[EXERCISE INPUTS — start]

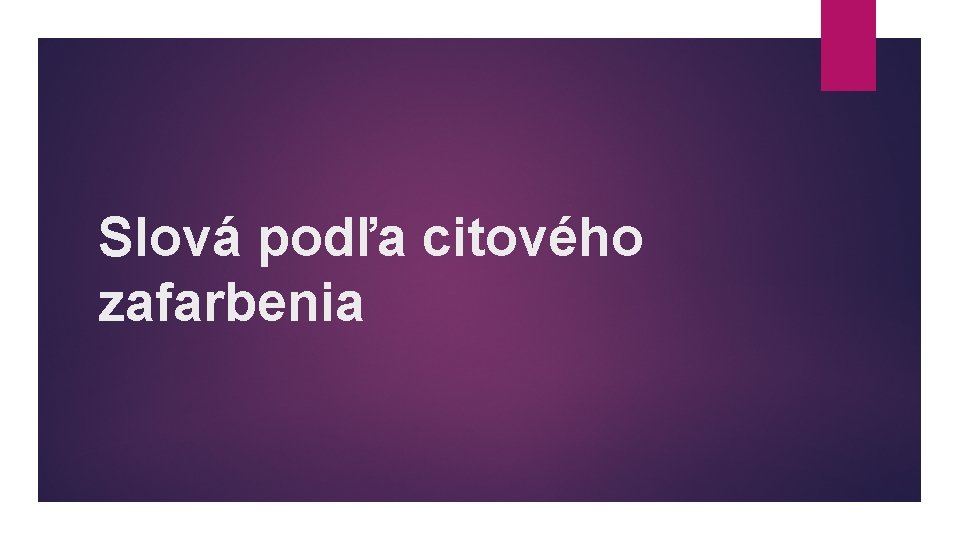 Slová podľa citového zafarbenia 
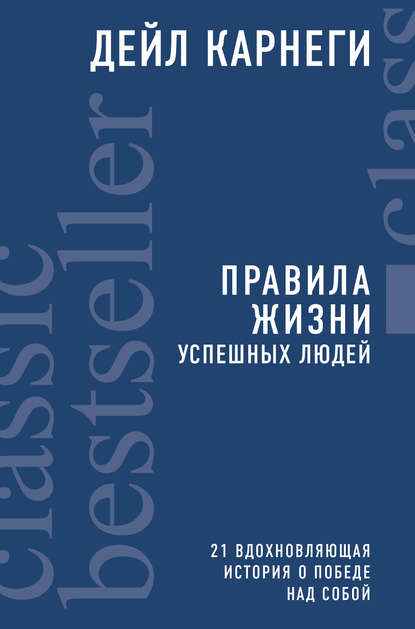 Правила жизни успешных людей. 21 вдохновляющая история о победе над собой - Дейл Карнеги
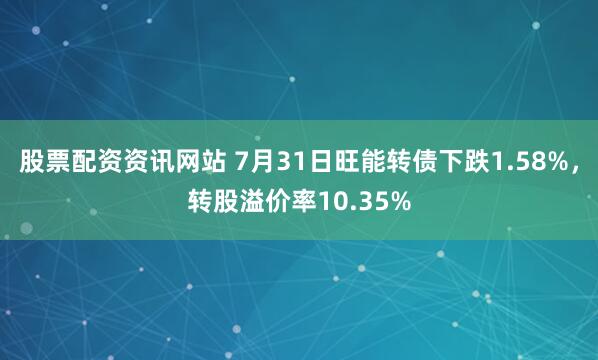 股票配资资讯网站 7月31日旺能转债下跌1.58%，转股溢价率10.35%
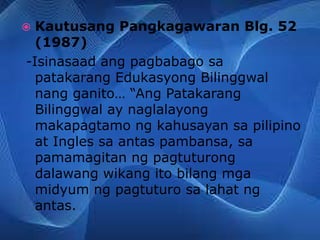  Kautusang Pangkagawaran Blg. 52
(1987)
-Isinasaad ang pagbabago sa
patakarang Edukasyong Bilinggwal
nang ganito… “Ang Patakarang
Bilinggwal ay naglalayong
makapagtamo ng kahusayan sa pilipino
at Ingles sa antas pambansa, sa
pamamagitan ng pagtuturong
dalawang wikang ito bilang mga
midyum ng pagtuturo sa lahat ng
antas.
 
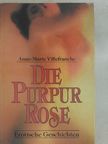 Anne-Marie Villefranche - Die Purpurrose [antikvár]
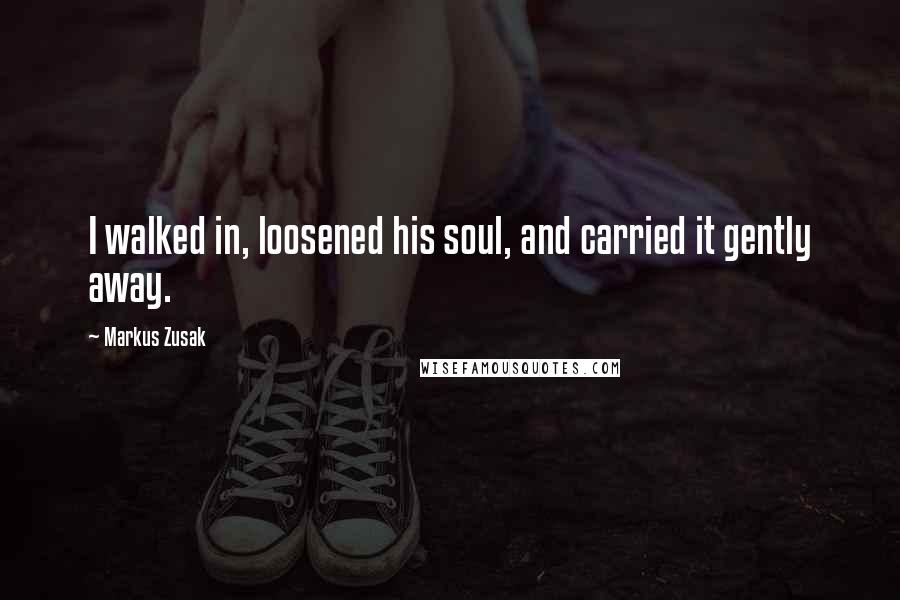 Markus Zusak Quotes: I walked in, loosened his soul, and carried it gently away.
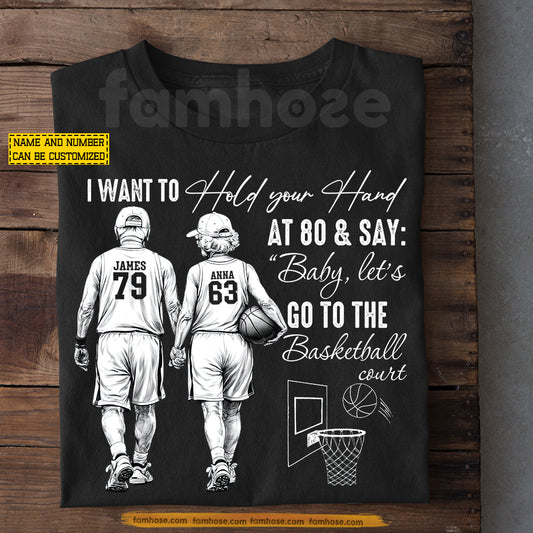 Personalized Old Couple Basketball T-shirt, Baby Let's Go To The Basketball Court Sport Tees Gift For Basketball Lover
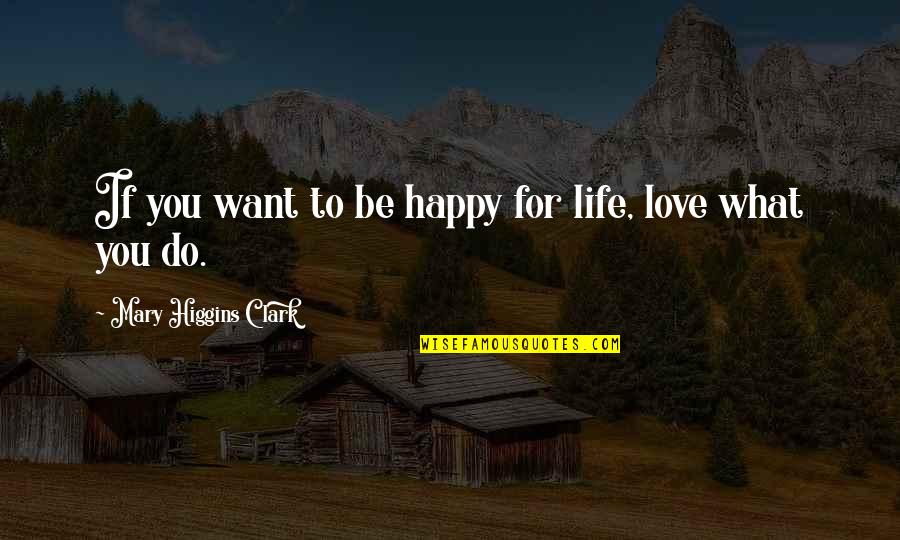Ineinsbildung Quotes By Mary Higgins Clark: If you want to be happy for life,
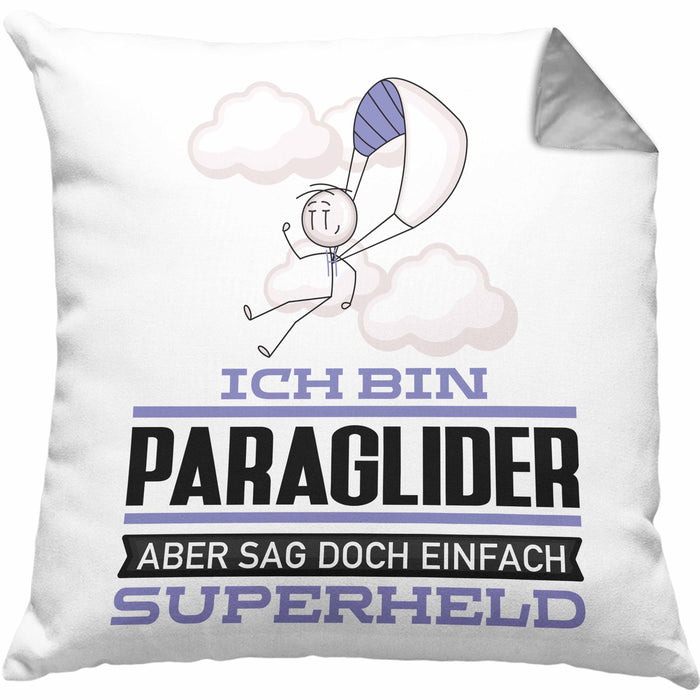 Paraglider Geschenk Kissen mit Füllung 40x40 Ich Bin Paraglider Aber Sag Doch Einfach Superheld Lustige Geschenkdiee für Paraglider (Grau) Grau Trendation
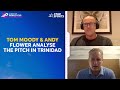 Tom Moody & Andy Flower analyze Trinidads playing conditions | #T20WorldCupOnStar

[EXERCISE INPUTS — finish]

**PROBLEM**
Take every entry and repeat it verbatim, minus the pictures.

**RESPONSE TO THIS TASK**
 Slová podľa citového zafarbenia 
 Правила жизни успешных людей. 21 вдохновляющая история о победе над собой - Дейл Карнеги
 股票配资资讯网站 7月31日旺能转债下跌1.58%，转股溢价率10.35%
  Kautusang Pangkagawaran Blg. 52
(1987)
-Isinasaad ang pagbabago sa
patakarang Edukasyong Bilinggwal
nang ganito… “Ang Patakarang
Bilinggwal ay naglalayong
makapagtamo ng kahusayan sa pilipino
at Ingles sa antas pambansa, sa
pamamagitan ng pagtuturong
dalawang wikang ito bilang mga
midyum ng pagtuturo sa lahat ng
antas.
 
 Anne-Marie Villefranche - Die Purpurrose [antikvár]
 Markus Zusak Quotes: I walked in, loosened his soul, and carried it gently away.
 Personalized Old Couple Basketball T-shirt, Baby Let's Go To The Basketball Court Sport Tees Gift For Basketball Lover
Ineinsbildung Quotes By Mary Higgins Clark: If you want to be happy for life,
 Paraglider Geschenk Kissen mit Füllung 40x40 Ich Bin Paraglider Aber Sag Doch Einfach Superheld Lustige Geschenkdiee für Paraglider (Grau) Grau Trendation
 Tom Moody & Andy Flower analyze Trinidads playing conditions | #T20WorldCupOnStar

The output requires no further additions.